There’s a significant issue with the May 15th release that I’ve observed, and it’s causing abnormally high RAM usage. To put it into perspective, I have around 83TiB of plots on this machine. When the issue occurred, the farmer was nearing completion of the last 5 of the 33 plots. The RAM usage for May 6th and prior releases was around 40GB. However, with the May 15th release, after just 10 hours of farming and plotting, the usage was 100GB; after 17 hours, it was 188GB.
Also I’d like to double-check that you’re back on may-06 and no longer have memory usage issue, not just something you think was not the case back then.

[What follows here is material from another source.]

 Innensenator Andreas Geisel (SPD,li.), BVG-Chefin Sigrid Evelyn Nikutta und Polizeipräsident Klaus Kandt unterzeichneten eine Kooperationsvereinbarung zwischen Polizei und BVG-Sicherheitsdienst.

Yes, I ran the May-6th release before creating this thread to confirm no memory issue. I also switched back to May 15th to confirm the memory issue I observed was reproducible. I will run the the test release and share the result . Thanks
I tried the custom build you shared, but I finished plotting around the same time I started testing this build. For farming alone, I don’t see any difference between the April 25th, May 6th, May 15th builds, and the custom build. All the builds used around 30GB of RAM. Is there anything I can do to simulate the plotting process?
I see, interesting. So it must be somehow plotting-related and Windows-specific. I still see nothing that would indicate regression from may-06 to may-15 though.

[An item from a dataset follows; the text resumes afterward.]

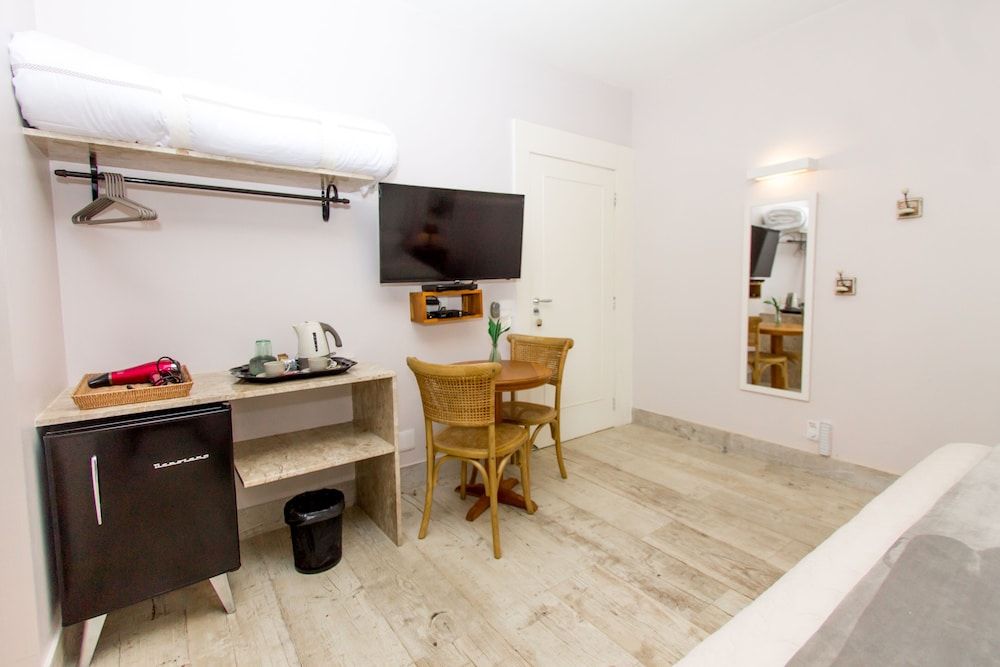 Pousada Chácara Aracê Traditional Double or Twin Room (Suite Bege) 12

Depending on how much time it takes to consume a lot of RAM you can decrease and then increase size of the farm to create a few sectors that need to be plotted just to try it out.
P.S. There is no apr-25 release just like there was no may-16 release (I have edited the original post).
I changed the plot sizes and plotted using the custom release that you shared, and it doesn’t have the memory issue.
Moreover, I updated my windows to the latest, and ran the May 15th release to rule out any window issues. The memory usage is high even after the update.
Thanks for fixing the release dates. I have kept local copies of releases I have tried, and some of them were indexed by the download dates.
Thanks for testing!
So I see the only change that might potentially impact it, which Snapshot build · subspace/subspace@4d4ccd5 · GitHub adds on top of the previous build. Please give it a try once it is build and let me know if the issue is present. I’ll look into the changes included there in the meantime to see what might be going on there.
Also if you can provide exact full command you’re running farmer and logs that’d be great!
Same here, I only noticed this after farmer printed something like “allocation some bytes of memory failed” and exited. This happened on several machines, all Win11, 64GB memory, no more than 60-70TB plots one machine, never happened before, had to reverse back to May 6 version.
So 647b363 introduced a simple change that allows actually concurrent piece cache reads in many cases. This should improve performance of piece cache reads and unless concurrency parameters were heavily customized should not result in higher memory usage.
Since this is only happening while plotting, it is reads that are causing issues, but I see no reason why this should be happening. On your CPU there is 8 CCDs, so it will plot up to 8 sectors concurrently and there should be no way for it to use over 100G of RAM and I know we have even larger farmers on Linux that do not report such issues.
Can you set environment variable RUST_LOG to info,subspace_farmer::utils::farmer_piece_cache=trace,subspace_farmer_components::plotting=trace and run one of the problematic builds and upload collected logs somewhere? That should give me a bit more details about what your farmer is doing during plotting and why it might use so much memory.
Right now I don’t think that particular first bad commit is wrong on its own, but it likely uncovered an issue elsewhere that wasn’t reproducible before (at least not easily).
Please try it with environment variable RUST_LOG set to info,subspace_farmer::utils::farmer_piece_getter=trace,subspace_farmer_components::plotting=trace and share logs like you did last time (note that environment variable has slightly different value this time).
So far I don’t see any other issues, but it is also hard to blame over 100G of RAM just on memory allocator behavior alone, so there must be something somewhere.
I am happy to hear that the testing is getting us closer to finding the root cause of the leak. I ran 7f94a49 with the changed value for RUST_LOG. This version also has the problem, and I stopped it at 70GB RAM. The good version stabilizes around 40-50GB for my setup. LOG
Checked logs and didn’t see anything unusual. Given the fact that it worked before with piece cache reads being blocking, I decided to try and constrain piece getting concurrency, please give it a try: Snapshot build · subspace/subspace@5321620 · GitHub
It does seem like allocator misbehavior of sorts to me so far, not that it helps you as a user.